Tight/Loose - Moral Fibre addresses the psychology of containment and concealment. A Victorian wedding dress with a loose, flowing train is so tight in the torso that if you took a deep breath, you might explode. Many years later, young girls are wearing skin-tight clothes while boys are dressed in layers of loose, body-concealing attire.
Styletribes - Thanks to the Internet, "styletribes" provide a sense of community, often over great distances in an increasingly fragmented world. Common appearance signals common interests - whether musical, cultural, sexual, political or ethical.
Second Skins - Skin-tight leather and rubber expose and reshape the body in shameless display. What's more, fetishism is redefining and extending the meaning of sex itself.

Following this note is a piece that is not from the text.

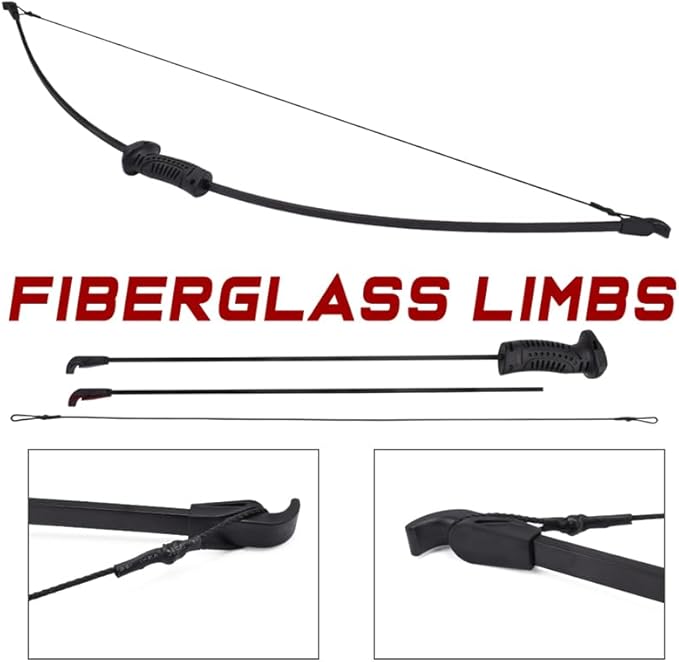 Recurve Bow and Arrow Set Outdoor for Children Youth Junior Archery Beginner Training Includes 2 Types 5 PCS Arrows, Armguard, Quiver, Target Face and Finger Tab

Moral Fibre: Dress Codes from Purity to Wickedness
By Max Allen, 2002
This exhibition is about some striking attire and the dress codes that shape it. You could buy most of these clothes yourself if you knew where to shop. But you'll rarely see them worn in Toronto's trendy Bloor and Yonge neighbourhood, or in the financial district at King and Bay.
Many are constructed from non-woven fabrics such as leather, latex and PVC/polyurethane. Many are shiny - and tight - like a second skin. Others are deliberately ripped and torn. Messages about purity or wickedness are conveyed though texture, colour and form, but how these signifiers are decoded varies from place to place, and from time to time.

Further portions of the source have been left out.